Impossible? Not quite. While the page itself is not archived, the index linking to it is, from which we can see that http://meister.igl.uni-freiburg.de/gedichte/jan_e05.html was “Calypso” (and that it was eingesandt von Dorothea Luke). This poem appears to be posted here.
x
Many thanks, Tim! I bow to your superior archive-fu, and to avoid future mystery, here’s the poem:
Ernst Jandl – calypso
ich was not yet
in brasilien
nach brasilien
wulld ich laik du go
wer de wimen
arr so ander
so quait ander
denn anderwo
ich was not yet
in brasilien
nach brasilien
wulld ich laik du go
als ich anderschdehn
mange lanquidsch
will ich anderschdehn
auch lanquidsch in rioo
ich was not yet
in brasilien
nach brasilien
wulld ich laik du go
wenn de senden
mi acroos de meer
wai mi not senden wer
ich wulld laik du go
yes yes de senden
mi across de meer
wer ich was not yet
ich laik du go sehr
ich was not yet
in brasilien
yes nach brasilien
wulld ich laik du go
And thanks to Stu as well — I like “ottos mops”!
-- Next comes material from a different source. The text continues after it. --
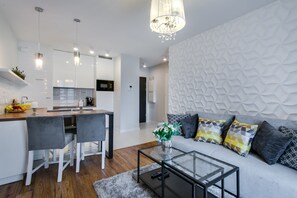 Exclusive-huoneisto (51) | Yksityinen keittonurkkaus | Jääkaappi, uuni, liesi, kahvin-/teenkeitin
Stu’s “Listen here” link also has Ernst Jandl reading several other poems. They’re all really great, though Ottos mops is my favourite.
Check out the Turkish version – it turns out vowol harmono doesn’t make it easier:
Sure looks better than the English version. An English non-German speaker would be advised to check out what a few of the words mean and then just listen to the Austrian although I wouldn’t mind hearing that Turkish, the repetition looks promising.
Here’s the Russian version:
I liked it until I got to the end, where the dog dies. Too Russian!
They should have translated it as мопс муму.
Can’t — all the vowels have to be о.
Why is the dog сдох at the end ? Isn’t there a Russian word for “puke” with an “o” ? Or “sick as a dog” ?
Not with just о, as far as I kno.
Bolno ? Or abbreviated somehow like хорош мопс.
It’s not “puke” specifically that counts, but the idea that the dog ate something he shouldn’t have. He could do that because his owner chased him away instead of keeping an eye on him.
The end should show the owner regretting his action.
The problem is that the mops is masculine, so the short form would be болен. And there’s an impersonal form больно with all o’s, but then you’d have to add ему ‘to him.’
Puke can be тошно, but what fun is in that?
The problem is that the mops is masculine
I figured as much. So would this work (I hope the -ой does a dative, it’s been a long time…) ?
мопсой отто больно
Puke can be тошно, but what fun is in that?
Because that’s what the German says. It’s a poem with a realistic plot and a moral point, as I explained above – and with all “o”s. It’s not just a stupid poème concrète, anybody can do all “o”s.
Because that’s what the German says.
Such literalism — I’m surprised at you! Besides, the Russian tradition of translation is looser than (say) the German. Also, while puking is Russian, death is even more so.
How come “literal” ? It’s merely part of the actual plot, which I have generalized slightly to provide more wriggle room for creative translation. Dogs often puke from eating something they shouldn’t, they die much less often from doing so.
If “die” is the best that can be done in Russian, so be it. As I said, one of the nice things about the story in the Jandl poem is that it’s familiar to anyone who has some experience with dogs. It’s not a dorky sequence of words with only “o” vowels. And it’s not “typically German” for dogs to puke. Puking may be Russian, but only some dogs are.